Viewing conditions could also modify the impression of speed. For example, if scaling mechanisms for speed constancy (McKee and Smallman, 1998; Distler et al., 2000; Thornton et al., 2014) do not fully compensate for display size or viewing distance, watching a video on a mobile phone may be different from watching it on a computer monitor or home TV. Likewise, watching a muted video may be different from watching it with an accompanying soundtrack, and in turn the type of soundtrack can convey a feeling of urgency or relaxation, possibly impacting on the impression of visual tempo (Recanzone, 2003; Soto-Faraco and Väljamäe, 2012). Indeed, there is ample evidence that music can influence the sense of time, and specific neural correlates have been proposed (Schäfer et al., 2013). Moreover, music, rhythm and movements are tightly intertwined, and this relationship extends to visual metrical perception, including a specific effect of visual motion on auditory tempo (Su and Jonikaitis, 2011; Su and Salazar-López, 2016). Thus, speed biases may depend on these “accessory” factors as well. Playing video clips at a slightly different speed might compensate for these effects, if present—think for example of an automatic equalization system for compensating different perceived speeds on small mobile screens vs. TV screens. The second aim of this study is to verify whether screen size or soundtrack can modify the dynamic appearance of videos.

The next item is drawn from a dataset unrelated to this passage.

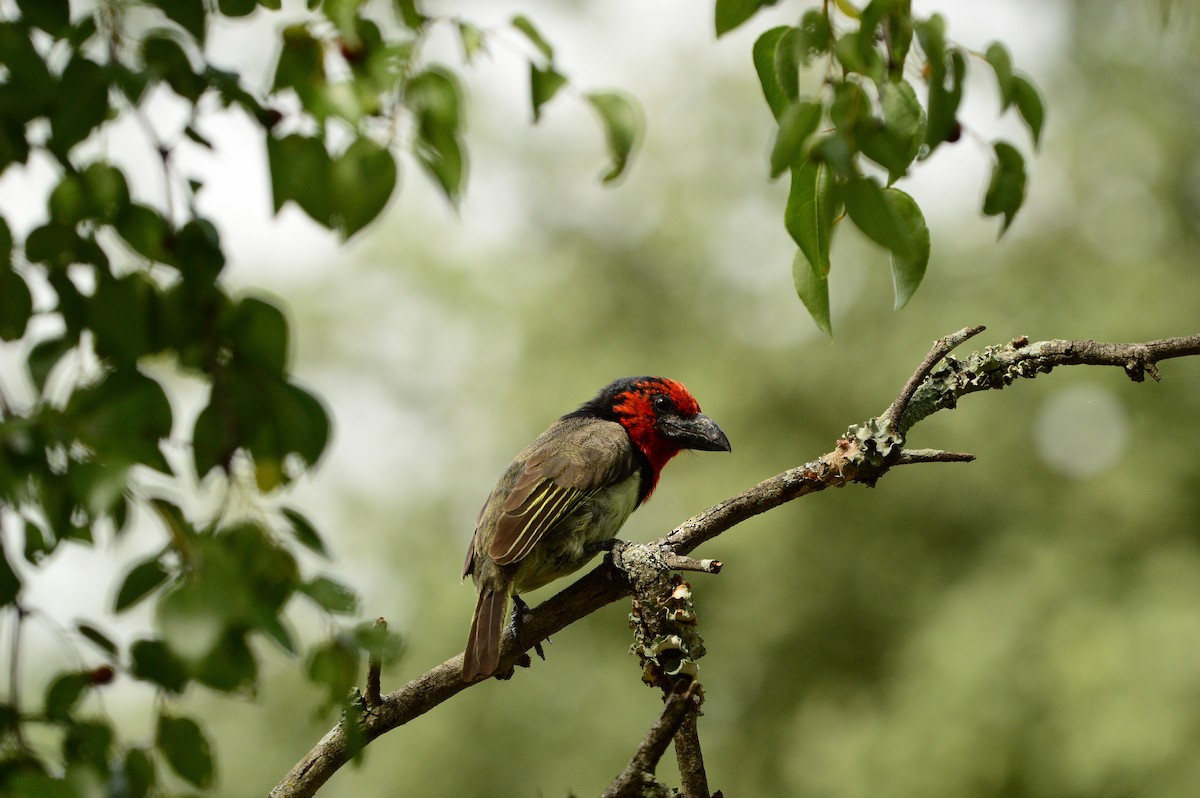 Black-collared Barbet - ML624035923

The impression that a given visual scene is too slow—speed underestimation—may depend on the fact that its duration is perceived to be too long (and vice-versa). One reason could be that, subjectively, the scene is not “filling time” sufficiently. Indeed, according to an influential model based on the idea that temporal cognition depends on the accumulation of event ticks, perceived time is dilated when a visual stimulus “fills” it more densely, for example because of a higher speed or higher temporal frequency (Brown, 1995; Block and Zakay, 1997; Lacquaniti et al., 2014). Thus, it is possible that speed underestimation is associated to duration overestimation, although with complex motion scenes additional factors may influence time perception, especially when human actions are involved (Grivel et al., 2011; Carrozzo and Lacquaniti, 2013; Sgouramani and Vatakis, 2014). Alternatively, the lack of correlation between speed bias and duration estimation would suggest that measuring the sense of speed is not just another way to measure perceived elapsed time, but characterizes a distinct function at the interface between perception and cognition. The third aim of this study is to verify whether perceived speed and perceived duration of real-life video clips are correlated.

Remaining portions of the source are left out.